Macron’s defenders insist that France’s institutions are resilient and that a technocratic path can be found through the wreckage. The bond market does not vote; the Assembly does. And the Assembly has said no, again and again, to a president who prefers tactics to trust. The revolt against austerity, the anger at perceived hauteur, the contempt for procedural shortcuts: these are not passing moods. They are a verdict.
There are exits from this cul-de-sac. They begin with honesty. A caretaker government can submit a stripped-down budget that protects the essentials while postponing grand designs. A formal, written coalition agreement, common in the rest of Europe, alien in Paris, could trade real policy compromises for stability. A president who wants to keep his office must stop governing like a lone candidate on a perpetual campaign and start treating his rivals as partners in a shared republic.

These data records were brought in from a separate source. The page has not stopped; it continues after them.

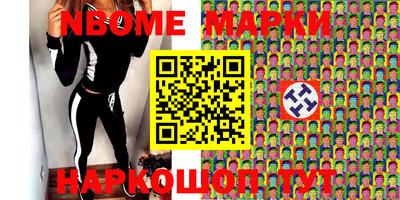 первитин Донской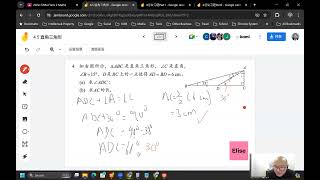 2024 06 03   《网课不停歇》 初二数学4 5练习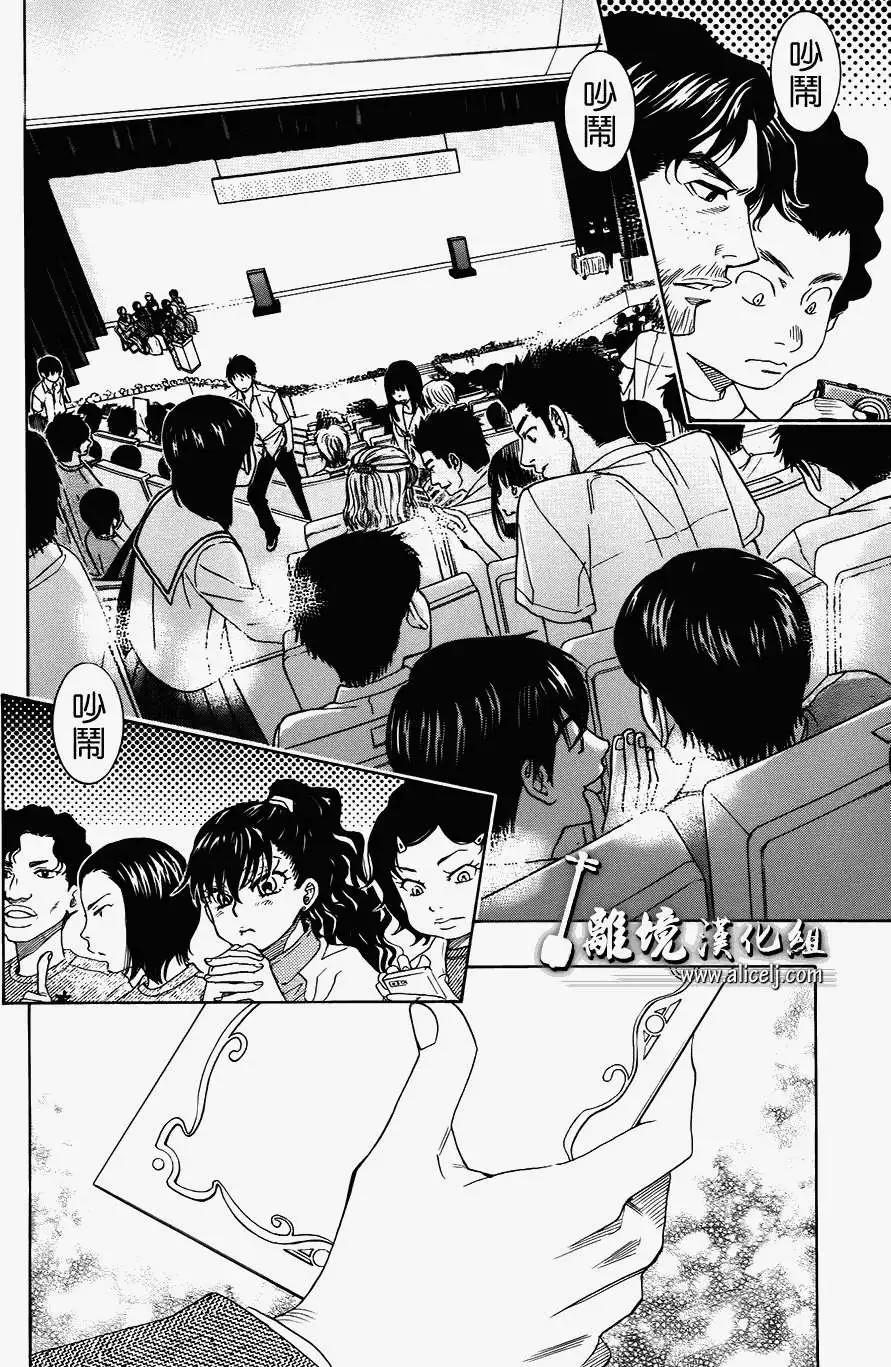 第20回15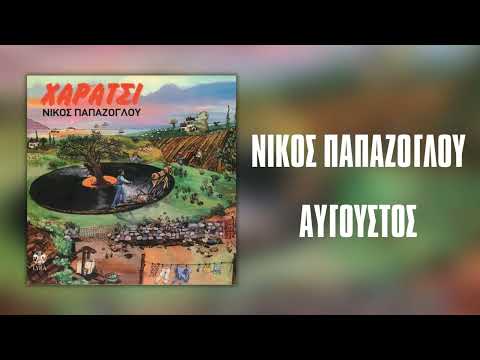 Νίκος Παπάζογλου - Αύγουστος | Official Audio Release (HQ)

For now, Lecornu’s resignation is not a surprise; it is a symptom. The shortest-lived premiership of the Fifth Republic did not fail because its holder was unequal to the task. It failed because the task, keeping Macronism alive without a majority, a message, or a mandate, was impossible. France is out of patience and the markets are out of indulgence. And Emmanuel Macron, out of moves, is down to one last choice: change course or be swept aside by those who already promise to do it for him.